Unvorstellbar! Und auch völlig unnötig, zumal das ohnehin niemand
fordert. Selbst der damalige Masterplan, der beim Volksentscheid 2014
durchfiel, sah vor, dass der größte Teil der Freifläche, nämlich 230
Hektar, also 77 Prozent, gesichert werden sollte. Zum Vergleich: Der
Tiergarten misst 210 Hektar. Wenn nun angesichts des Mangels an
bezahlbaren Wohnungen eine Randbebauung wieder ins Spiel gebracht
wird, ist klar, dass einfach nur die Wiedervorlage des alten Plans
keine Chance hätte. Zu groß die - berechtigte - Kritik an der 300
Millionen Euro teuren "Wowereit-Gedächtnis-Bibliothek" oder den
Wohnblöcken, die den Bewohnern des Oderkiezes direkt vor die Nase
gesetzt worden wären. Ein echtes neues Nachdenken ist erforderlich,
um genau auszuloten, unter welchen Bedingungen am Feld doch noch
Wohnraum geschaffen werden kann für die vielen Menschen, die schon
heute in der Stadt händeringend eine Bleibe suchen. Natürlich lösen
5000 Wohnungen nicht das Wohnungsproblem, wie Bausenatorin Katrin
Lompscher (Linke) immer wieder betont. Doch ist das ein Grund, gar
nicht erst über den erheblichen Beitrag zur Linderung der Not
nachzudenken? Tatsächlich fehlen schon heute mehr als 100.000
Wohnungen und das Bevölkerungswachstum hält an.
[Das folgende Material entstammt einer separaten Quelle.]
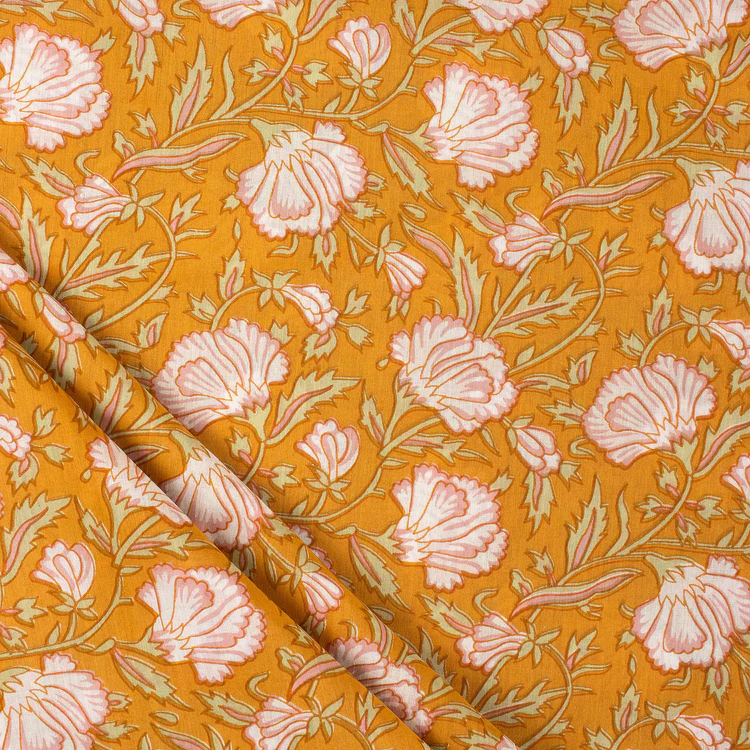 tissu indienne - orange flowers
Die Überlegung, eine
Randbebauung erneut zur Abstimmung zu stellen, hat deshalb nichts mit
dem mangelnden Respekt vor dem Volksvotum zu tun. Sie erkennt die
geänderten Realitäten in der Stadt an. Ob es wirklich 100 Prozent
Tempelhofer Feld sein müssen, darüber sollten die Berliner erneut
abstimmen dürfen.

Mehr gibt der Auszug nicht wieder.